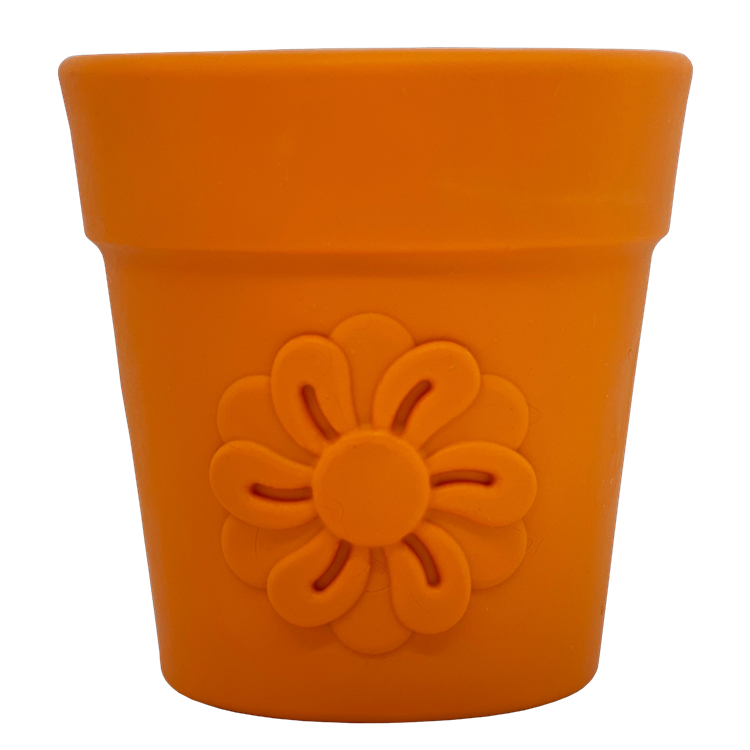 Large orange flower pot-shaped dog treat dispenser with a flower design, made from durable materials for enrichment play.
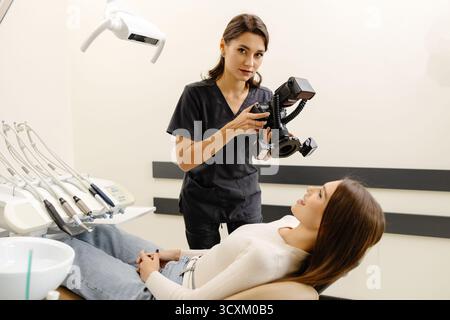 Femme dentiste photographiant avec un appareil photo professionnel le résultat de son travail en clinique. Banque D'Images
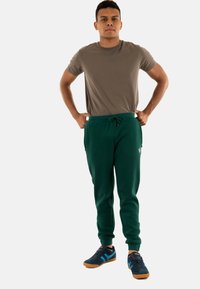 Pantalones jogger verde oscuro con bolsillos, combinados con una camiseta marrón claro y zapatillas negras con acentos azules y suelas de goma.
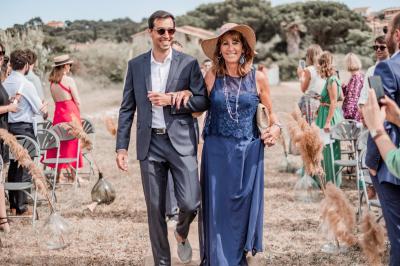 Des personnes dansent en couple sur une piste éclairée par des lumières colorées, tandis que d'autres sont assises autour.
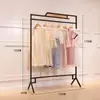 Perchero moderno simple de piso estante multicapa simple estante para ropa de mujer soporte de exhibición de ropa de hierro venta al por mayor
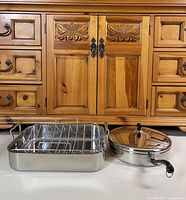 Roasting pan with rack beside covered fry pan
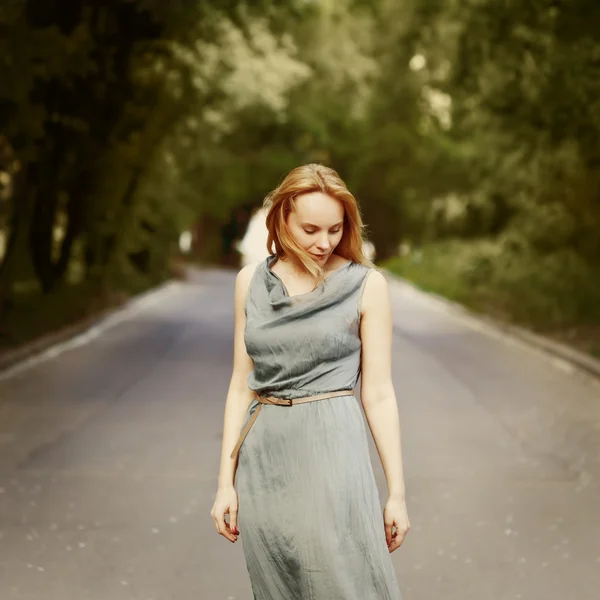 Young blonde attractive woman standing on the road — Stock Photo, Image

---

(WHAT IS NEEDED):
Up to and including the line containing "Pantalones jogger verde", quote each line of the entries above from the very first, please, exactly and without images.

(SOLUTION BELOW):
 Large orange flower pot-shaped dog treat dispenser with a flower design, made from durable materials for enrichment play.
 Femme dentiste photographiant avec un appareil photo professionnel le résultat de son travail en clinique. Banque D'Images
 Pantalones jogger verde oscuro con bolsillos, combinados con una camiseta marrón claro y zapatillas negras con acentos azules y suelas de goma.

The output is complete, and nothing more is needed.